** Data provided **
# # #
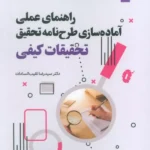 کتاب راهنمای عملی آماده سازی طرح نامه تحقیق جلد سوم تحقیقات کیفی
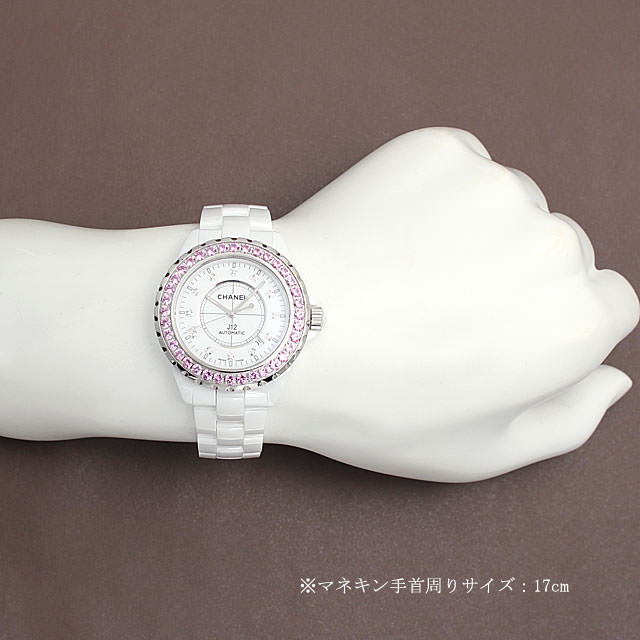 シャネル J12 白セラミック 12Pダイヤ ピンクサファイアベゼル H2011 新品 メンズ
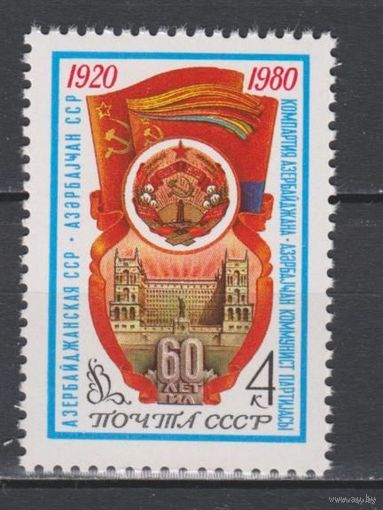 Азербайджанская ССР. 1980. Полная серия 1 марка. Чистая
# # #
** What needs to be done **
Transcribe the whole listing exactly. Pictures stay out of your copy.

** Exercise response **
 کتاب راهنمای عملی آماده سازی طرح نامه تحقیق جلد سوم تحقیقات کیفی
 シャネル J12 白セラミック 12Pダイヤ ピンクサファイアベゼル H2011 新品 メンズ
 Азербайджанская ССР. 1980. Полная серия 1 марка. Чистая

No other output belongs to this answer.